■ **Task goal**: The answer must consist only of the lines from the line with "a shower with" to the line with "Joyful asian young-adult", both included, exactly as they stand below.

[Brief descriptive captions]
■ ■ ■ ■

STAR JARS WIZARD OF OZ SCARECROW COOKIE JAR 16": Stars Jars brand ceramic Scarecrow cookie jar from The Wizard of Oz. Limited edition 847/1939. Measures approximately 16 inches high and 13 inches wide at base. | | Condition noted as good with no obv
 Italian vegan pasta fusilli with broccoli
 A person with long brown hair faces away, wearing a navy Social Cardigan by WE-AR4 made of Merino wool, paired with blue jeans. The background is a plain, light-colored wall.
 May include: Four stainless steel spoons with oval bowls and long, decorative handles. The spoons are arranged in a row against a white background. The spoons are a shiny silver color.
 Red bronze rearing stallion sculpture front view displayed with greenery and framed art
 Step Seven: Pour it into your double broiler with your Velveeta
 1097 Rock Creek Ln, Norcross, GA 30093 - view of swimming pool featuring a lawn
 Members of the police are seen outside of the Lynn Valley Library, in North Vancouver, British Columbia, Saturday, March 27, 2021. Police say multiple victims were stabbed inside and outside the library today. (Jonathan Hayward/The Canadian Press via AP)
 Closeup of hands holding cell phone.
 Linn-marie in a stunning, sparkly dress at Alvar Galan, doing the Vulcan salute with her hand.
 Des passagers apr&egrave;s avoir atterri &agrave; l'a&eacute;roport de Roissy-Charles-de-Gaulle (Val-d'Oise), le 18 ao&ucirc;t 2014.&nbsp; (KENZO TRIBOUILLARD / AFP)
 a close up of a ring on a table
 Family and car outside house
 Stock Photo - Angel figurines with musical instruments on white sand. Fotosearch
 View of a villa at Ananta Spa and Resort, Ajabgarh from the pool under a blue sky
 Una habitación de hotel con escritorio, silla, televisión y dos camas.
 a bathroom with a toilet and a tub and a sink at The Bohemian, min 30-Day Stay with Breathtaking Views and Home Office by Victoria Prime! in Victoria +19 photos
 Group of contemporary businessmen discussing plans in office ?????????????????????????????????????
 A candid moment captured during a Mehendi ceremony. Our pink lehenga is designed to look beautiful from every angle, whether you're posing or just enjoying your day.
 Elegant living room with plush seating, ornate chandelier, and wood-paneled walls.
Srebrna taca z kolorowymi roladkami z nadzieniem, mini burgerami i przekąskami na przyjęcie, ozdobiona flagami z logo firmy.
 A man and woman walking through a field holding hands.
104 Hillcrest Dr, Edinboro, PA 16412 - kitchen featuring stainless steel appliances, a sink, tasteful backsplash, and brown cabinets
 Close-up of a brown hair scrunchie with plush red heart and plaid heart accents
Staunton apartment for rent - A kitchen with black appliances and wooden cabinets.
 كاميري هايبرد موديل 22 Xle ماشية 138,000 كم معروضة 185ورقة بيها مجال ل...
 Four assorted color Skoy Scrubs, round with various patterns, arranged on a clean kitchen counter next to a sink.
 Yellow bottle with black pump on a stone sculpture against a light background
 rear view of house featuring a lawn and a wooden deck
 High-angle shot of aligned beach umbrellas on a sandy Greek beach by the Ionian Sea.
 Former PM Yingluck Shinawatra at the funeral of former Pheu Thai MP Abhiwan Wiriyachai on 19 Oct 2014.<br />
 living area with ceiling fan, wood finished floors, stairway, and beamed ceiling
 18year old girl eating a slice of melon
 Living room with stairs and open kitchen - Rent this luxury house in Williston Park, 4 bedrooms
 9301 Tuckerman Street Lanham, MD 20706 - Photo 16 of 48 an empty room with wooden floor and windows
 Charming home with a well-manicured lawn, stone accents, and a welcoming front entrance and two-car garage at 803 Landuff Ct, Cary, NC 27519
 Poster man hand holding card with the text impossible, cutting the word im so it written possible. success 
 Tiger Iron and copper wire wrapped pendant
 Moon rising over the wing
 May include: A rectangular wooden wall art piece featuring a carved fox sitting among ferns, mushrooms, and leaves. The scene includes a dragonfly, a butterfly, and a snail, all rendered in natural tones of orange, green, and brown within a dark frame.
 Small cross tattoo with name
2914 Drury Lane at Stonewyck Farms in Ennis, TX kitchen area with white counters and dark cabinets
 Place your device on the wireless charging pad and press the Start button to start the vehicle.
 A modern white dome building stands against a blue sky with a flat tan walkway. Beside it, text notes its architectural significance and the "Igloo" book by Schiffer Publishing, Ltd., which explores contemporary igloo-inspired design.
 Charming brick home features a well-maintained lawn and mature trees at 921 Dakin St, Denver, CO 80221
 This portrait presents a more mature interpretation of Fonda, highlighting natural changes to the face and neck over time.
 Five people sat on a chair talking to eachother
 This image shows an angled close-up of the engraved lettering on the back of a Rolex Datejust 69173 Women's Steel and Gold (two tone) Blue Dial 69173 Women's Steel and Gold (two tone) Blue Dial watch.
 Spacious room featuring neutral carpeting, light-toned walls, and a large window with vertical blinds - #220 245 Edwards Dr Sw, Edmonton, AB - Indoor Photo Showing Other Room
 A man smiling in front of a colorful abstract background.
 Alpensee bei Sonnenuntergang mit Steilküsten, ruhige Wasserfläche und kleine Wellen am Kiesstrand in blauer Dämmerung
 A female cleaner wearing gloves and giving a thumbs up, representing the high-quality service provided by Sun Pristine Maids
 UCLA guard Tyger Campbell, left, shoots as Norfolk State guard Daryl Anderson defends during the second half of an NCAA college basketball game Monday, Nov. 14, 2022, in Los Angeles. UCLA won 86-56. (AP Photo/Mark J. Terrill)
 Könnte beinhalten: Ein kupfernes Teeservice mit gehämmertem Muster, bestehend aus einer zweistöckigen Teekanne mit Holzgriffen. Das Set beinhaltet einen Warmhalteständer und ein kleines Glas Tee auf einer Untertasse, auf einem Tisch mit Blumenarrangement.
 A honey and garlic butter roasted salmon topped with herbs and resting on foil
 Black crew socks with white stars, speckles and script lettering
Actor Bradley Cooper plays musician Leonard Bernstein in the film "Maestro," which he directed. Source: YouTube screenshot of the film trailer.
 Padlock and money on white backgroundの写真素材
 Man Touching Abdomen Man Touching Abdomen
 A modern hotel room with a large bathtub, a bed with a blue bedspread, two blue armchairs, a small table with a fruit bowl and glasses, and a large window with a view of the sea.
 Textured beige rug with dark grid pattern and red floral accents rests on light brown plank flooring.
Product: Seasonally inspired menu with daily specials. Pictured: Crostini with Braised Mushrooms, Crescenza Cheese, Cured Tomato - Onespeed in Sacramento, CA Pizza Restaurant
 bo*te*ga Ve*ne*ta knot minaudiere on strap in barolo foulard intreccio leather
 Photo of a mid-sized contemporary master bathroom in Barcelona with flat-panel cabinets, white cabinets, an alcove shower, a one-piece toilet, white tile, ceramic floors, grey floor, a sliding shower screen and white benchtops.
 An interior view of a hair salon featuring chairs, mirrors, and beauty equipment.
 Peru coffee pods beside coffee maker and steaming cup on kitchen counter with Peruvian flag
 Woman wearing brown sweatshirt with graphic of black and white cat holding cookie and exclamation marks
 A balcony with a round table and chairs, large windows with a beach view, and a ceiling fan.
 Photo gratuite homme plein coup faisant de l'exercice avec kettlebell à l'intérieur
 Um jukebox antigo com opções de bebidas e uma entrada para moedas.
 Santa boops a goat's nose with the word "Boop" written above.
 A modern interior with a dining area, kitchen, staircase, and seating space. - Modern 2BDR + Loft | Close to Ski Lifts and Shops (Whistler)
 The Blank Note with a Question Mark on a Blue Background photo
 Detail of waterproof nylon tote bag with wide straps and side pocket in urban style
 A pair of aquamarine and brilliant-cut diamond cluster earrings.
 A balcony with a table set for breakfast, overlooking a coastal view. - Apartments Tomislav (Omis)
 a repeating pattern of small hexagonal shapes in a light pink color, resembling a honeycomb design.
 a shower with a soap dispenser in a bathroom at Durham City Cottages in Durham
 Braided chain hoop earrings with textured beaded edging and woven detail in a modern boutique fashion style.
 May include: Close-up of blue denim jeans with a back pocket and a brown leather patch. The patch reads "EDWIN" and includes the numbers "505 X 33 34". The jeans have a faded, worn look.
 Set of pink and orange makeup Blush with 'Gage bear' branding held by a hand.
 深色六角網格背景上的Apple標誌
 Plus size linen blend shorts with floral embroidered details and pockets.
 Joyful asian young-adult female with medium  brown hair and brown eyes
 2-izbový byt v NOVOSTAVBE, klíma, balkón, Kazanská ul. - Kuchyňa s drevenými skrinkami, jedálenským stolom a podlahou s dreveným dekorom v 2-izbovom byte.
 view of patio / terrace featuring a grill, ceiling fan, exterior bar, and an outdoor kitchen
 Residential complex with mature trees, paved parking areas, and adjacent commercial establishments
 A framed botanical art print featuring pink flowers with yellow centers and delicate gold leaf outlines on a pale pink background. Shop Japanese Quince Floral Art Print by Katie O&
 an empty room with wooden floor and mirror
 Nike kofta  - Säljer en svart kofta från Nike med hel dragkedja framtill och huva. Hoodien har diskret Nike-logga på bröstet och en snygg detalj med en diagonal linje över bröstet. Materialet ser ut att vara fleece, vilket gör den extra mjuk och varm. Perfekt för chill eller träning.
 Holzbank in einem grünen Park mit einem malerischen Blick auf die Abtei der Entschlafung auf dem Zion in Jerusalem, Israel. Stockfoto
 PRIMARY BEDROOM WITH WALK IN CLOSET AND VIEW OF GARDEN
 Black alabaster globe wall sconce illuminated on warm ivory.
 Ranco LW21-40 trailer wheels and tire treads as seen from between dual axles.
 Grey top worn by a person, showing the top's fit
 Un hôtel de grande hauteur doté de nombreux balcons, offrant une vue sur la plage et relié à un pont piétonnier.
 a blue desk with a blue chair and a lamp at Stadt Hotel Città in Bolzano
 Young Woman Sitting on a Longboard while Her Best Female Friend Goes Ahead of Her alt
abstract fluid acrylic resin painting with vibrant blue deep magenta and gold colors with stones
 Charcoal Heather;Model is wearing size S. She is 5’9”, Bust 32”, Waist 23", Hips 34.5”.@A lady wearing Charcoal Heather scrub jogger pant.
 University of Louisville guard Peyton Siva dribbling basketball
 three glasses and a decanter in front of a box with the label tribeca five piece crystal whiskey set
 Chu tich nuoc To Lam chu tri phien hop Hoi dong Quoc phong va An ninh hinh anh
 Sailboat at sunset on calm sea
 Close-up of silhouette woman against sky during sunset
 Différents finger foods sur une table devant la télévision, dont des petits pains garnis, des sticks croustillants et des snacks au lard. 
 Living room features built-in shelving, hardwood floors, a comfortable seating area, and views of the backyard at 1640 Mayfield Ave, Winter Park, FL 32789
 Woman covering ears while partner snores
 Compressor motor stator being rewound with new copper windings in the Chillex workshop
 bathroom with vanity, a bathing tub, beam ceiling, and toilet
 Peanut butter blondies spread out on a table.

■ ■ ■ ■

■ **Task output**:
 a shower with a soap dispenser in a bathroom at Durham City Cottages in Durham
 Braided chain hoop earrings with textured beaded edging and woven detail in a modern boutique fashion style.
 May include: Close-up of blue denim jeans with a back pocket and a brown leather patch. The patch reads "EDWIN" and includes the numbers "505 X 33 34". The jeans have a faded, worn look.
 Set of pink and orange makeup Blush with 'Gage bear' branding held by a hand.
 深色六角網格背景上的Apple標誌
 Plus size linen blend shorts with floral embroidered details and pockets.
 Joyful asian young-adult female with medium  brown hair and brown eyes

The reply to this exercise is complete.